Currently, when debug-syms is passed to llvm-nm, symbol table entry index 0 is also printed. gnu-nm omits this symbol. This diff causes llvm-nm to behave the same way for ELF files.

Diff Detail

Event Timeline

chrisjackson created this revision.May 20 2019, 8:29 AM

While this seems to be a direct way to address this, should the ELF object file instead begin the symbol range at 1 instead of 0? That way all clients of libObject know to skip the undefined range and you don't need to modify every call site.

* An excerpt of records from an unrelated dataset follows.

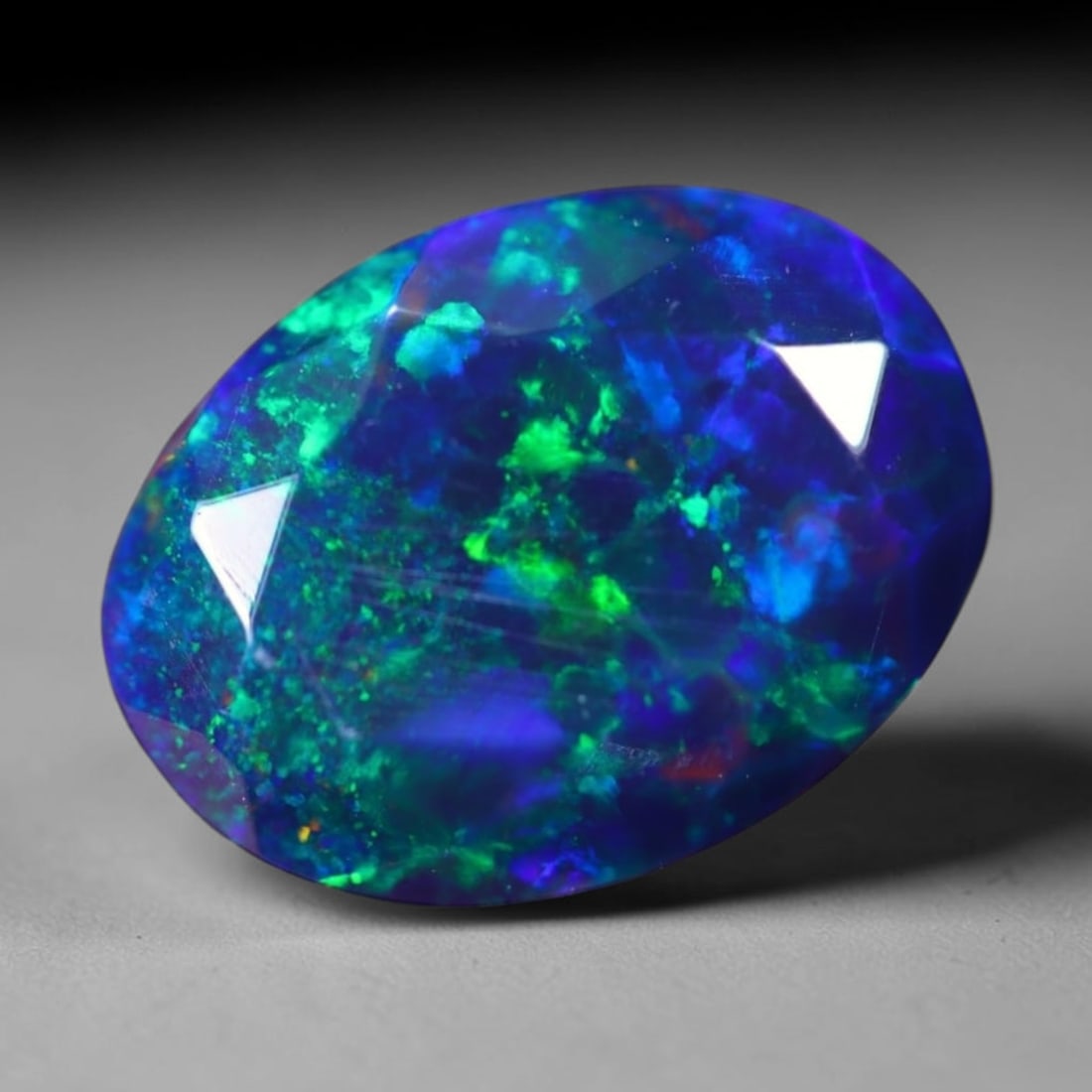 1.97Ct Welo Black Faceted Opal Polished - Ethiopian Opal , 445E: Ksmith Heritage Auctioneers Subject: Natural Ethiopian Welo Black Opal Origin: Ethiopia Carat Weight: 1.97Ct Dimension: 10.1x7.7x5.3 mm Treatment: Smoked Type: Faceted, Po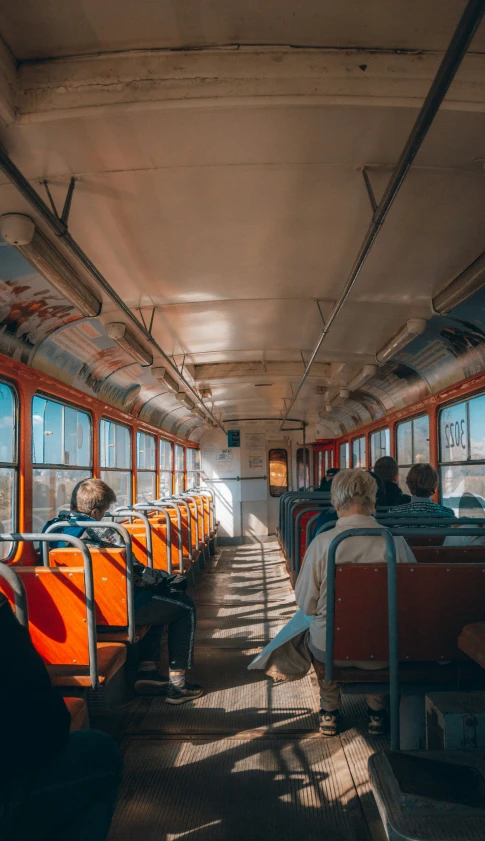 many people sitting in and near a bus window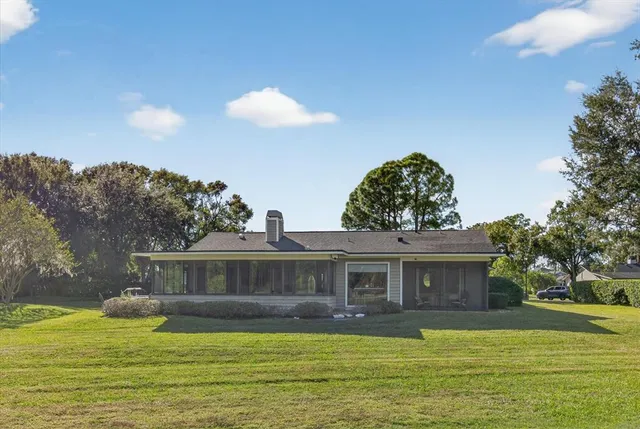 an aerial view of green landscape with trees houses and mountain view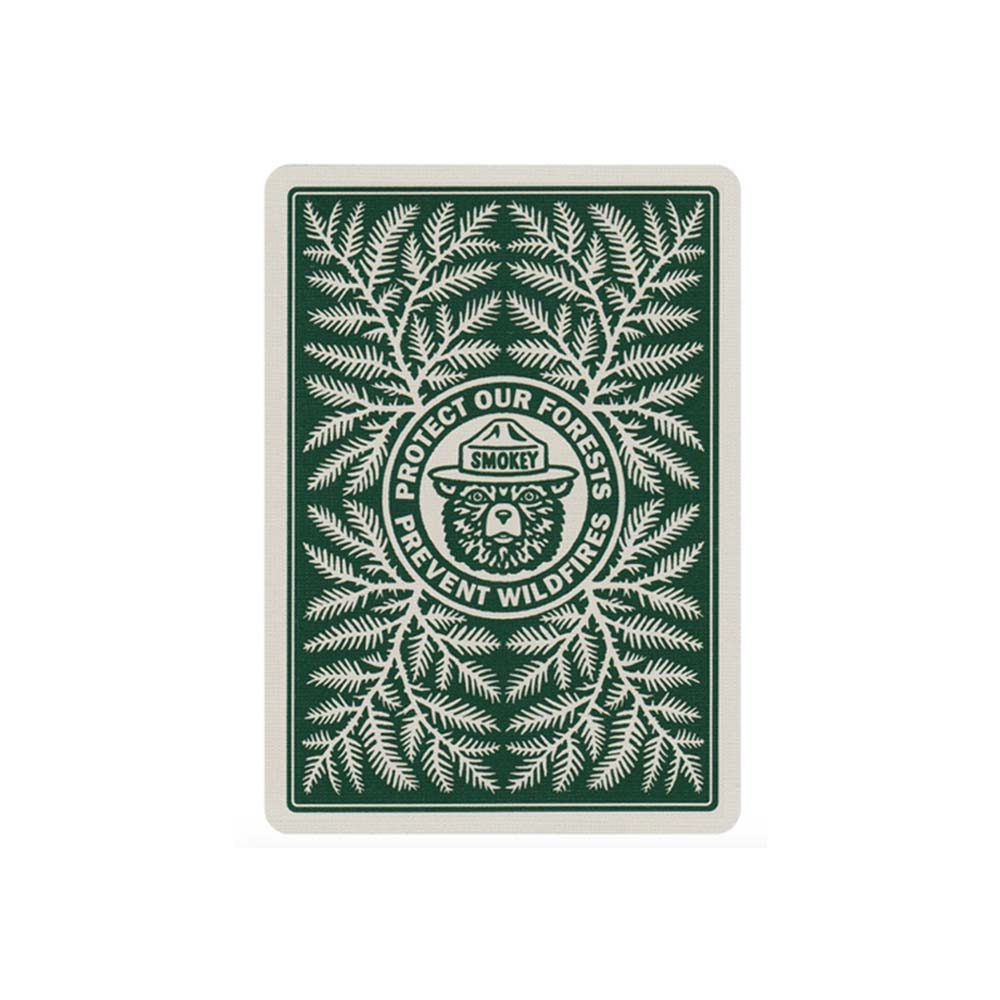 Art of Play brand Smokey Bear green and white playing card with 'protect our forrests' on a white background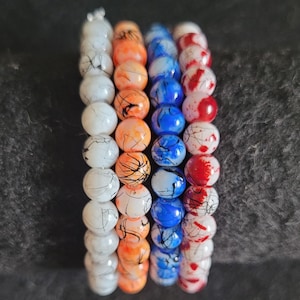 May include: Four beaded bracelets with a variety of colors. The bracelets feature white, orange, blue, and red beads. Each bead has a unique pattern of black lines. The bracelets are stacked together, showcasing the different color combinations.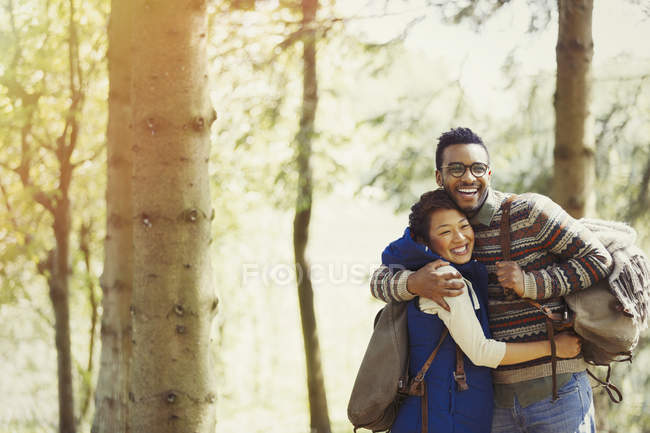 Casal brincalhão com mochilas abraçando caminhadas na floresta — Fotografia de Stock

While this seems to be a direct way to address this, should the ELF object file instead begin the symbol range at 1 instead of 0? That way all clients of libObject know to skip the undefined range and you don't need to modify every call site.

I'm not sure. I think there are limited use cases for being able to use that symbol, and it's possible that other clients actively want to dump the value. However, if there aren't any existing uses within LLVM, and we provide an alternative interface to get that symbol, I could get behind this.

mtrent accepted this revision.EditedMay 22 2019, 7:53 AM

I'm not sure. I think there are limited use cases for being able to use that symbol, and it's possible that other clients actively want to dump the value. However, if there aren't any existing uses within LLVM, and we provide an alternative interface to get that symbol, I could get behind this.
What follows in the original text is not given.